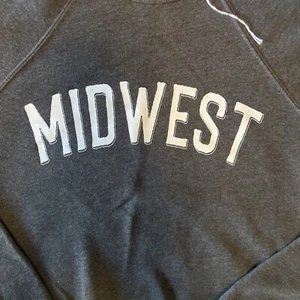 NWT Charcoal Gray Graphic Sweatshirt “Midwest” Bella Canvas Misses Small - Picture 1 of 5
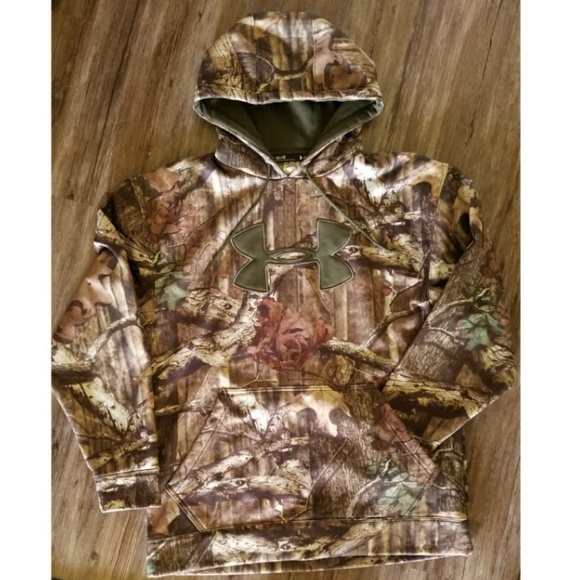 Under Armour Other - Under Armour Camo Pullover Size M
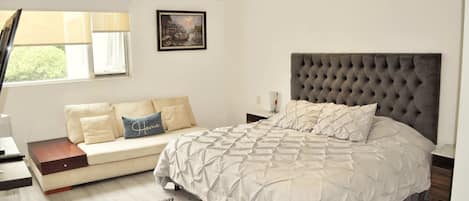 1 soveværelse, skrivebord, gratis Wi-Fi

════════════════════

- WHAT TO PRODUCE: Only the pictures stay out; everything else in the listing above must be repeated exactly.

- ANSWER:
 NWT Charcoal Gray Graphic Sweatshirt “Midwest” Bella Canvas Misses Small - Picture 1 of 5
 Under Armour Other - Under Armour Camo Pullover Size M
 1 soveværelse, skrivebord, gratis Wi-Fi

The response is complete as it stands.